Wednesday, August 31, 2011

a small (and scary) step towards independence

I reached an important milestone in my journey to adulthood yesterday: I purchased my first car completely on my own.

After much research and deliberation, I settled on a 2011 Honda CR-V. I’m in love. It’s a great little buggy with 4wd and a sunroof. In a perfect world I would have gotten leather, but I couldn’t justify the extra $2,000. Plus, having to peal my thighs from the seat after a 10-minute test drive wasn’t all that appealing. I’ll take cloth, please.

It was an exciting day, of course. But it was also very stressful. My mom calls it “good stressful.” Maybe when I’m halfway through the payments it will be “good stressful.” For now, it’s just stressful.

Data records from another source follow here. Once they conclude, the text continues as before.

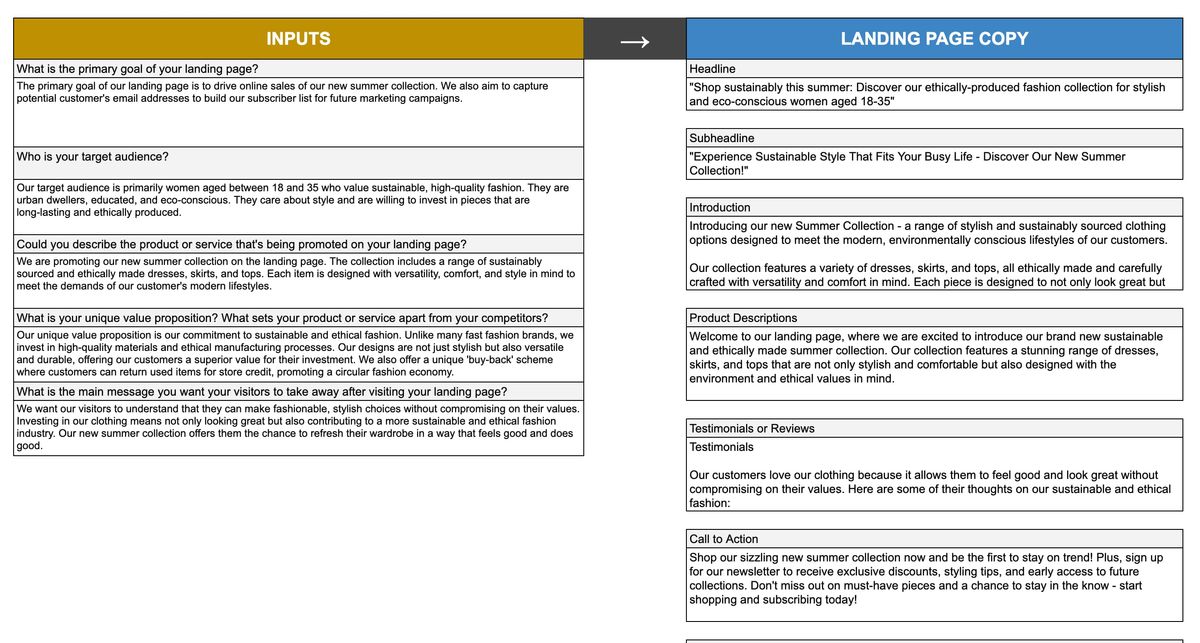 How to Use the AI-Powered Landing Page Content Generator Google Sheet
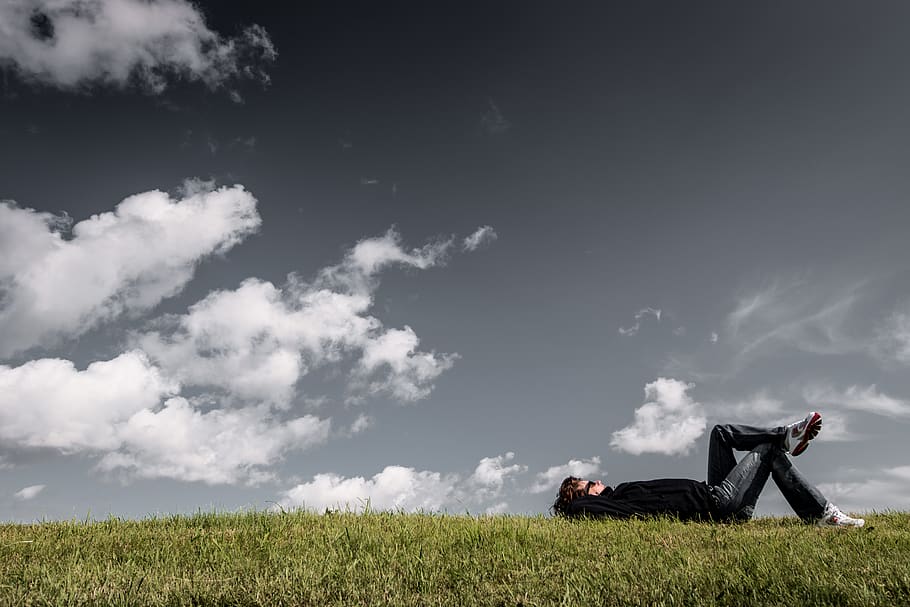 germany, borkum, cloudy, clouds, field, sky, land, cloud - sky HD wallpaper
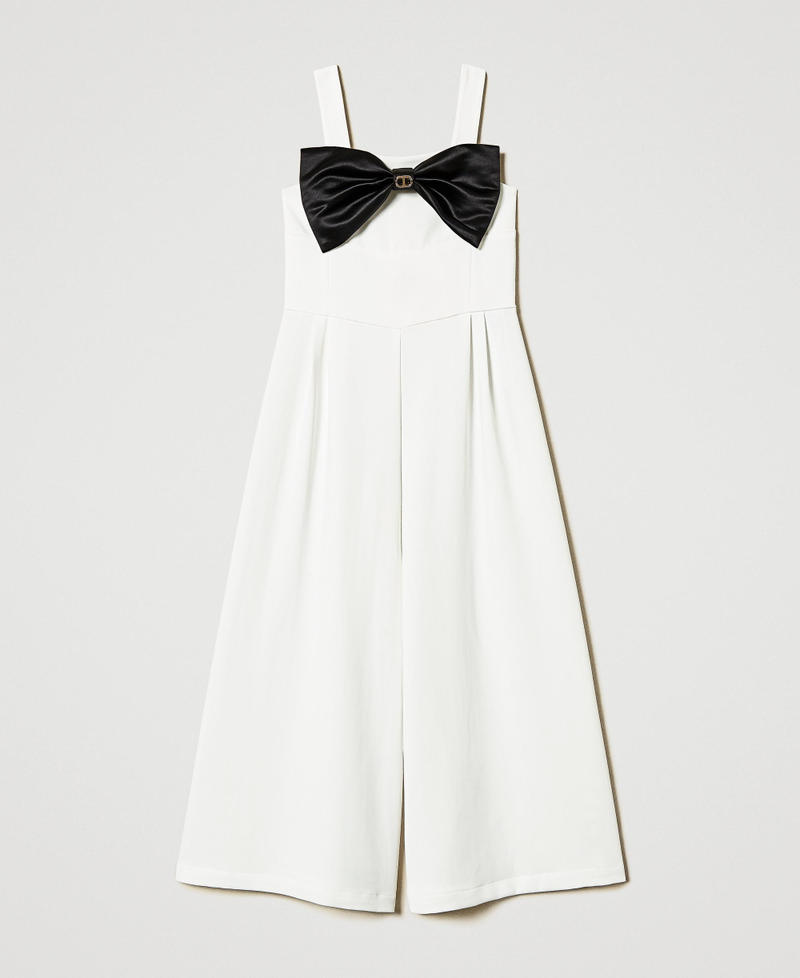 Crêpe jumpsuit with bow Bicolour "Ice" White / Black Girl 251GJ2QN1_02849_0S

The new payments won’t put that much strain on my finances. I live at home rent-free, I have minimal student loans, and I’m pretty responsible with money. Ideally, though, I’ll move out before I’m 30 (if you’re reading this, mom and dad, I can’t promise anything).

And lets be honest, rent is not cheap. The thought of paying rent actually makes me nauseous – mostly because it’s money thrown away. There’s no investment there. At least I’ll own my CR-V some very far away day, so I can justify the $400 monthly payment. But I also can’t justify an hour-each-way commute. I do it now and it’s hell. So if I end up working in Boston, I won’t have much of an option when it comes to renting.

Anyways, it’s not so much the new car payment that stresses me out, but the thought of having a car payment on top of rent and whatever other bills come my way in the next 5 years. I’ve come to accept that I probably won’t be making the big bucks as a journalist, so $1500 (give or take) a month on living and transportation alone is kind of a lot.

How do people do it AND save? It seems impossible. And I don’t buy that it has anything to do with my generation and our poor work ethic and/or obsession with materialistic things. The cost of living and education has grown dramatically while wages have stayed relatively the same.

Think about it.

A $400 car payment for a very modest vehicle (I’m not driving a BMW people) is a lot for someone who makes approximately $500 a week. That’s basically a quarter of my income. Imagine is if I had $400 in student loans and $800 in rent to pay on top of that each month? I’d be left with $400 for food, gas, other necessities and fun.

Maybe I will be at home till I’m 30, at least.